Sur le fond, la prise en charge d'une partie des dépenses liées à la sécurité par les organisateurs d'événements peut se défendre. Le véritable danger vient ici du fait que les pouvoirs publics peuvent choisir de mettre à disposition les effectifs à titre gracieux... Ou pas. "Cette loi n'oblige à rien, elle prévoit un pouvoir discrétionnaire", confirmait dans un article du Parisien Philippe Goujon, chargé de la sécurité pour la mairie de Paris de 1989 à 2001. Le décret peut donc servir à faire pression sur les organisateurs d'événements "indésirables", comme les free parties, ce que dénonce la coordination. "L’ensemble du secteur culturel se trouve ainsi à la merci de facturations arbitraires et sans mode de recours aucun. Les préfectures sont à la fois juge et partie, « prestataires » et décideurs en termes d’autorisation." appuie le communiqué. « Il appartient au gouvernement de sécuriser la vie culturelle de ses citoyens contre le terrorisme et pas à ceux qui la font vivre, à plus forte raison quand il s’agit de bénévoles! Ce n’est pas aux artistes de payer les conséquences de l’état d’urgence. »
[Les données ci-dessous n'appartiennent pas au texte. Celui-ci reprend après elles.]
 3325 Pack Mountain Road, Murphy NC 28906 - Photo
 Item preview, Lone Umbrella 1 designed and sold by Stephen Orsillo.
En juin dernier, la Coordination Nationale des Collectifs de Sound Systems adressait au Premier ministre un courrier, dans un esprit de concertation. Depuis, les collectifs n’ont reçu aucune réponse. L'utilisation du décret est la goutte d'eau qui a fait déborder le vase ; en l'attente d'une réaction des pouvoirs publics, le dialogue est au point mort. « Par solidarité avec nos collègues bretons et dans l’attente de plus amples explications sur cette nouvelle doctrine, nous suspendons au niveau national tout projet de manifestation légale et toute démarche de concertation avec les préfectures. »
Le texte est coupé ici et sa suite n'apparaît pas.